Le sobraba razón al secretario general de la ONU, Antonio Guterres, cuando, hace unos días, afirmaba con expresión vehemente que esta nueva ola de violencia no surge de la nada, sino que nace de un conflicto de larga duración en 56 años de ocupación y sin un final político a la la vista.
Setenta años hace desde la primera Resolución 181 (1948), que dividió la región en dos Estados, uno árabe y otro judío (a Israel se le asignó el 54% del territorio, teniendo solo el 30% de la población). Hoy día, ni siquiera existe el Estado Palestino. Y Jerusalén, a la que se dio desde la ONU el status de ciudad internacional bajo su tutela, fue constituida capital sagrada e indivisible de Israel, estando la parte árabe oriental o Jerusalén Este en condición de ocupada, como el resto de Palestina.
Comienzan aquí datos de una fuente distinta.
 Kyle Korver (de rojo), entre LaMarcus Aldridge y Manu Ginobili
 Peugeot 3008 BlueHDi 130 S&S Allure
Ni la R. 194 (diciembre 1948), sobre el derecho de los palestinos expulsados de regresar a sus hogares. Ni la 242 (noviembre 1967), que exige la retirada del ejército israelí del territorio ilegalmente ocupado. Ni la 446 (marzo de 1979), que declara ilegal cualquier construcción de asentamientos en esos mismos territorios… Ni ninguna otra, al menos importante, de las decenas de Resoluciones aprobadas por el Consejo de Seguridad, hasta la más reciente de la semana pasada pidiendo una tregua humanitaria, ha sido atendida por Israel. Siguiendo el espíritu de tales Resoluciones, en mis años de diputado europeo, presenté varias propuestas de Resolución al Pleno del Parlamento de Estrasburgo, casi siempre con más suerte que en Nueva York, pero, por desgracia, con solo una pequeña eficacia moral.
Gracias al veto impuesto en todos esos casos por el representante de los Estados Unidos de América, Israel se ha librado de la condena. Solo en algunos casos menos graves, y que no llevaban consigo exigencia alguna ejecutiva, el embajador norteamericano ha llegado a abstenerse.